**EXERCISE DESCRIPTION**
Search the listing below for the word "Kids" and copy each line that holds it.

**RECORDS TO USE**
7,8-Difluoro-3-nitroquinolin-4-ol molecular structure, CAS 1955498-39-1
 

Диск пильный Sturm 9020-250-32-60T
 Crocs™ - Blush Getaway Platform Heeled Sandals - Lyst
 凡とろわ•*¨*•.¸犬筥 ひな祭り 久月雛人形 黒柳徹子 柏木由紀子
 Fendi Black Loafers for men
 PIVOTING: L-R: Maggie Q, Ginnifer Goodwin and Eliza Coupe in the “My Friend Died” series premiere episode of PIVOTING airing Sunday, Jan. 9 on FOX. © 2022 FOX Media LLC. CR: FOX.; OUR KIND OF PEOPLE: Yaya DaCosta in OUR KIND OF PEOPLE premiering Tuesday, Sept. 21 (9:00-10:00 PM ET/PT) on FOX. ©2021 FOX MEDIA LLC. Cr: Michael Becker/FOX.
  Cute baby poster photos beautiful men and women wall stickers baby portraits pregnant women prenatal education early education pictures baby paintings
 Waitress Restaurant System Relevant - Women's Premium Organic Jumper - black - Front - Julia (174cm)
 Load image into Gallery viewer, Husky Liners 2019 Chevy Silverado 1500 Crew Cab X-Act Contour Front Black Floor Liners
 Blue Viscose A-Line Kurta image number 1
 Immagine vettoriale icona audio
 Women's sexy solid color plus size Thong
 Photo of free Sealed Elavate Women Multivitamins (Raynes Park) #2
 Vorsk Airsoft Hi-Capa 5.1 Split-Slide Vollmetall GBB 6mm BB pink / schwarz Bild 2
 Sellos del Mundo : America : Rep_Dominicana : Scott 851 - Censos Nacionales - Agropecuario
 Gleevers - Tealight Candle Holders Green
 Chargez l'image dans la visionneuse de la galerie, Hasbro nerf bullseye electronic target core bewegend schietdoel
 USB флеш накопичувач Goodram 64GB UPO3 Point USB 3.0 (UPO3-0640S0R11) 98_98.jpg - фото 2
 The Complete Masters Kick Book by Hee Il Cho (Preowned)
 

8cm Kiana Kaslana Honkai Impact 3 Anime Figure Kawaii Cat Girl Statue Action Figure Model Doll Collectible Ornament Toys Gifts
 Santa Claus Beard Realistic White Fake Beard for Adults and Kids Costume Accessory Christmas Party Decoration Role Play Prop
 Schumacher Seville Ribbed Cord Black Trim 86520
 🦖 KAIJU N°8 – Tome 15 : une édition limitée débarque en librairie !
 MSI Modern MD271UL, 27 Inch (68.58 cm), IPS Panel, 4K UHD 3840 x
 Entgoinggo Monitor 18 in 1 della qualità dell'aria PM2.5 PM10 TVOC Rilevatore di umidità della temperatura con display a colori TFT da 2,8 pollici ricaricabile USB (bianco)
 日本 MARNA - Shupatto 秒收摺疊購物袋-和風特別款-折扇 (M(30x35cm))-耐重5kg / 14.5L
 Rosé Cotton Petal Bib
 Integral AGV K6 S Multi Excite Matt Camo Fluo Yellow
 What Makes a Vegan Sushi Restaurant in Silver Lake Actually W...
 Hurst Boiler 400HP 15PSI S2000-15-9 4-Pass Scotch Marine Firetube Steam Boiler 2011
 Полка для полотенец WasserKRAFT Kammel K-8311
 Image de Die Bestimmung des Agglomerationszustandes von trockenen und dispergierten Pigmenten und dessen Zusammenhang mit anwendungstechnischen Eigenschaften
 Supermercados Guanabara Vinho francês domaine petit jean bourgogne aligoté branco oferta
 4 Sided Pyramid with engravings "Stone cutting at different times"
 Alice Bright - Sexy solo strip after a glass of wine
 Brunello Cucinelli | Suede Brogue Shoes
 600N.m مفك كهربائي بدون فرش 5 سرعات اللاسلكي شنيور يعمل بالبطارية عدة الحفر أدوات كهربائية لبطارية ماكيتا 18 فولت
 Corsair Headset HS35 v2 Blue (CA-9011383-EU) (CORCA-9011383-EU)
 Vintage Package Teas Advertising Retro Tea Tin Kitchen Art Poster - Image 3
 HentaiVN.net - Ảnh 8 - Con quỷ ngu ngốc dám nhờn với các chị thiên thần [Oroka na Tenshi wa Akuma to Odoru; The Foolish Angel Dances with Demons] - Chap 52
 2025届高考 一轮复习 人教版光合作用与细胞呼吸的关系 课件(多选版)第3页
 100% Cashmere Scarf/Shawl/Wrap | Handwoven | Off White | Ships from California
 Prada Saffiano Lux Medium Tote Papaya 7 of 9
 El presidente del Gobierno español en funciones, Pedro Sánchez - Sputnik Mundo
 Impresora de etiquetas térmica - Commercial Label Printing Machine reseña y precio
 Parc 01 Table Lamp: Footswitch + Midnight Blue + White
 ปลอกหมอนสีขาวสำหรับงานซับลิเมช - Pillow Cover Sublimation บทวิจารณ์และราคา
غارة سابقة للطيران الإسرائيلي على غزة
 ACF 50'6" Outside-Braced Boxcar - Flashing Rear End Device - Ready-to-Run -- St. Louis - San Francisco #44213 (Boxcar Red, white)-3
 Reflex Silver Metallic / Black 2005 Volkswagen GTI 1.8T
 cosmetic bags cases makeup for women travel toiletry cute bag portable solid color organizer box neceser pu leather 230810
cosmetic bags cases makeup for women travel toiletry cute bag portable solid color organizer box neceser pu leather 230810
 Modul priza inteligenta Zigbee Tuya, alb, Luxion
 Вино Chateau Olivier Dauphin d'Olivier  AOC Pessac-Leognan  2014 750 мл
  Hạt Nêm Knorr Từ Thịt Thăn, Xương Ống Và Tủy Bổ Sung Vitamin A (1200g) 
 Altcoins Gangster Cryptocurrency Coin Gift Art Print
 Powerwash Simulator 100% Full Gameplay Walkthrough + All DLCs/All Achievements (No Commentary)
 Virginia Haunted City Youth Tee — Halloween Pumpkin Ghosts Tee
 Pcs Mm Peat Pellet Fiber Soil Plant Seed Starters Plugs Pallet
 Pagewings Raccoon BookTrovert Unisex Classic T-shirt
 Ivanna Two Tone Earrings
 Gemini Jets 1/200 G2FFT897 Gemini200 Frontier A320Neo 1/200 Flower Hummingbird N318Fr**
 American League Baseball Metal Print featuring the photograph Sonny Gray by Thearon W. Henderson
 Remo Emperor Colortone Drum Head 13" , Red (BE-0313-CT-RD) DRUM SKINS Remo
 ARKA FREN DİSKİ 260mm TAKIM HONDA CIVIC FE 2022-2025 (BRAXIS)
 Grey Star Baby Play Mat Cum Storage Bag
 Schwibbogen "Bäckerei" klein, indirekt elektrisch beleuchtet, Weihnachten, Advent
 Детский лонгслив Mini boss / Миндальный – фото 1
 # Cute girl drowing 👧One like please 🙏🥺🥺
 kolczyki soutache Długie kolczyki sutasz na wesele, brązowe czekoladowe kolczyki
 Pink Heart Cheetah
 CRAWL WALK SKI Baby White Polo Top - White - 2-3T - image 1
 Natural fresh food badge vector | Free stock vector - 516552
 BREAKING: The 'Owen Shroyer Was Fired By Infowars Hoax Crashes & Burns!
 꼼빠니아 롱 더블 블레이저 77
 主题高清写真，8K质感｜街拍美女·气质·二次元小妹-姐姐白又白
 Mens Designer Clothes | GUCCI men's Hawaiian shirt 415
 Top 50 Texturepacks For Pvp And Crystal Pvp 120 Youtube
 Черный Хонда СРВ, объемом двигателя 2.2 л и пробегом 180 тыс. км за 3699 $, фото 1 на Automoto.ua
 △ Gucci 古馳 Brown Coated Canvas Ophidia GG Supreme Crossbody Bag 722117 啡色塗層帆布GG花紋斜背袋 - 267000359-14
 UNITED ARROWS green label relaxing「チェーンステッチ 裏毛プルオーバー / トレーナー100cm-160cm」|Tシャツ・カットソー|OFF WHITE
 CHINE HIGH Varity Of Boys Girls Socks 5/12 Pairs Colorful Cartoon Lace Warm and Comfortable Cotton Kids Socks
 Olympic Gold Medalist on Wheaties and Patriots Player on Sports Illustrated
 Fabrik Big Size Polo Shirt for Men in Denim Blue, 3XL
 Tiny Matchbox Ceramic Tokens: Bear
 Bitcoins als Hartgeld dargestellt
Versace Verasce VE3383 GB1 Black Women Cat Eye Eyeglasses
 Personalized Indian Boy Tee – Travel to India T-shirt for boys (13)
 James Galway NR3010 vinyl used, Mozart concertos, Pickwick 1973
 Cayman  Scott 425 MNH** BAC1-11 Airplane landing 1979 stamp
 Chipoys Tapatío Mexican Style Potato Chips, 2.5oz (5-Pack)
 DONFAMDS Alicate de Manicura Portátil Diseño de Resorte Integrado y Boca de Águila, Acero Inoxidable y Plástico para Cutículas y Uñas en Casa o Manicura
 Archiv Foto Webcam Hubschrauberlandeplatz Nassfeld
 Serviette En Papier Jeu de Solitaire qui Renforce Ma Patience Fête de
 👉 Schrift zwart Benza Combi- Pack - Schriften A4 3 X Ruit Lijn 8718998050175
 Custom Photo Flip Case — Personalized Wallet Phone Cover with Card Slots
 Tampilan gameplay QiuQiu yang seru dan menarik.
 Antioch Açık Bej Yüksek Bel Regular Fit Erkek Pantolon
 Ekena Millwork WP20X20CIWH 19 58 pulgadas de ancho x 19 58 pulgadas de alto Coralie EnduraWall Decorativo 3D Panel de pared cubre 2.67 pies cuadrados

**OUTPUT BELOW**
 Santa Claus Beard Realistic White Fake Beard for Adults and Kids Costume Accessory Christmas Party Decoration Role Play Prop
 CHINE HIGH Varity Of Boys Girls Socks 5/12 Pairs Colorful Cartoon Lace Warm and Comfortable Cotton Kids Socks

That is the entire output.